**Try it:** Pictures excluded, copy all of the data below exactly.

**Collected data:**
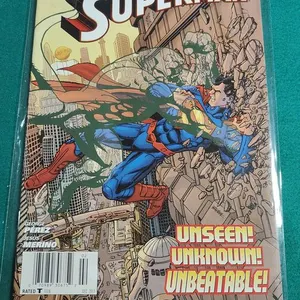 Superman – The New 52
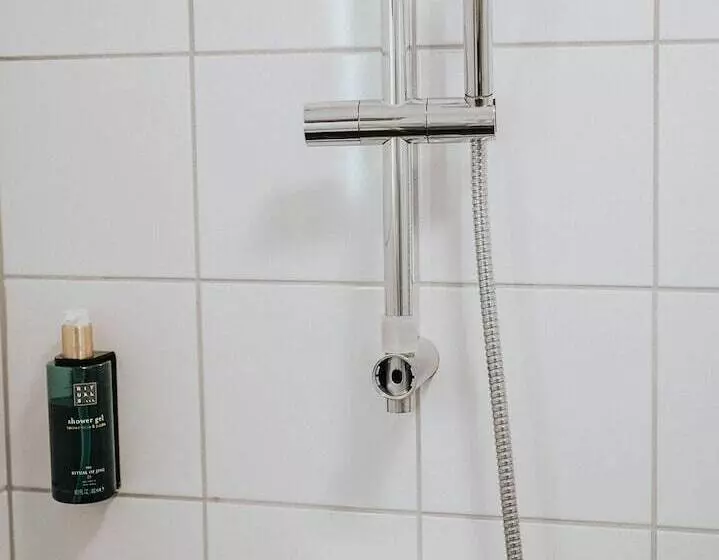 اتاق استاندارد, Clarion Collection Hotel Majoren
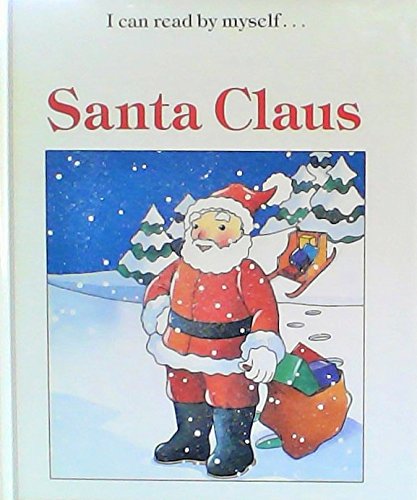 Stock image for Santa Claus (I Can Read By Myself.) for sale by SecondSale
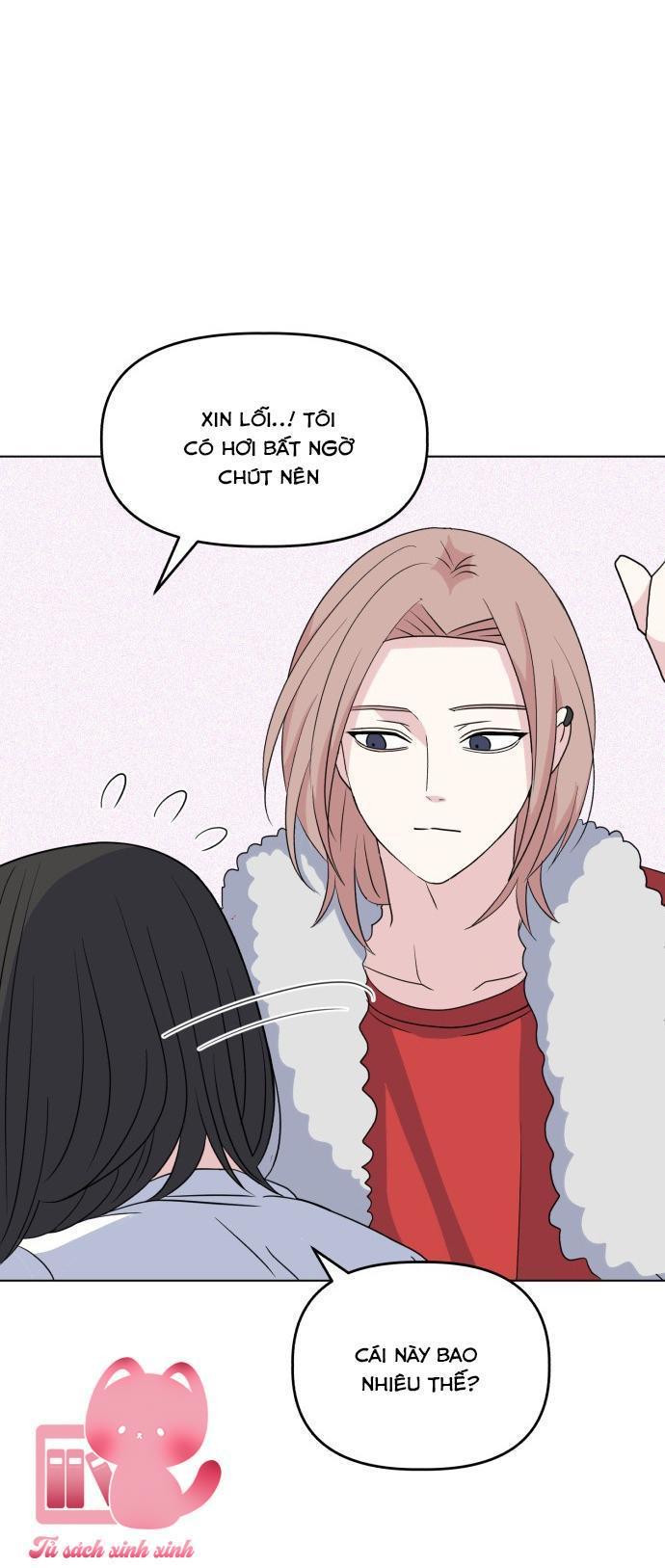 Quan Hệ Nhân Quả - Chap 3 - Trang 2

**Final answer:**
 Superman – The New 52
 اتاق استاندارد, Clarion Collection Hotel Majoren
 Stock image for Santa Claus (I Can Read By Myself.) for sale by SecondSale
 Quan Hệ Nhân Quả - Chap 3 - Trang 2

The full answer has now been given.